Prompt: Up to and including the line with "living area with", reproduce the listing below exactly, beginning at its first line.

=== Dataset ===

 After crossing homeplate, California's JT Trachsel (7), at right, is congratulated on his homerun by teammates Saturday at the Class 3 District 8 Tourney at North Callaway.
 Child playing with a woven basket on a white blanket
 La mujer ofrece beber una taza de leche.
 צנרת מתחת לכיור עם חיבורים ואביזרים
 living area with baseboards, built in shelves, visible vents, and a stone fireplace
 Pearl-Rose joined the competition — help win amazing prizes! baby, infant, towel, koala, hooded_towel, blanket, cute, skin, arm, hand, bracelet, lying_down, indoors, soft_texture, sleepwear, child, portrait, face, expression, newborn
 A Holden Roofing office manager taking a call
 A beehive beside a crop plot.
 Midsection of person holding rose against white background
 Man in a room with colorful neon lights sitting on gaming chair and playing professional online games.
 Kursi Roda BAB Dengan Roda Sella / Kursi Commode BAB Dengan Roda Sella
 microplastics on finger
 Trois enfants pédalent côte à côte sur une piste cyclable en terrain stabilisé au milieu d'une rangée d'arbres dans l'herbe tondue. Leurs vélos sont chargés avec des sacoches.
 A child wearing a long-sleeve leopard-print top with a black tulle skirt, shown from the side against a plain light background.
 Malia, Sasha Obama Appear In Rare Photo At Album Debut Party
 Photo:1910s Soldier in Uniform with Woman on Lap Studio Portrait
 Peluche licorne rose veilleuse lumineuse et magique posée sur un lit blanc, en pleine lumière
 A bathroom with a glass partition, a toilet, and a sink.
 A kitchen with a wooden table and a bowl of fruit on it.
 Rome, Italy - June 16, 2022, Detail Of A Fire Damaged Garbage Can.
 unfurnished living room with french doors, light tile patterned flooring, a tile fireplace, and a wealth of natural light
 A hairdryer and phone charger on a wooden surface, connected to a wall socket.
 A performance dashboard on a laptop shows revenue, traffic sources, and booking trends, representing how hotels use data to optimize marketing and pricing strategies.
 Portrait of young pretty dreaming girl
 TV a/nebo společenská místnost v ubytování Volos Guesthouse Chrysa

===

Output:
 After crossing homeplate, California's JT Trachsel (7), at right, is congratulated on his homerun by teammates Saturday at the Class 3 District 8 Tourney at North Callaway.
 Child playing with a woven basket on a white blanket
 La mujer ofrece beber una taza de leche.
 צנרת מתחת לכיור עם חיבורים ואביזרים
 living area with baseboards, built in shelves, visible vents, and a stone fireplace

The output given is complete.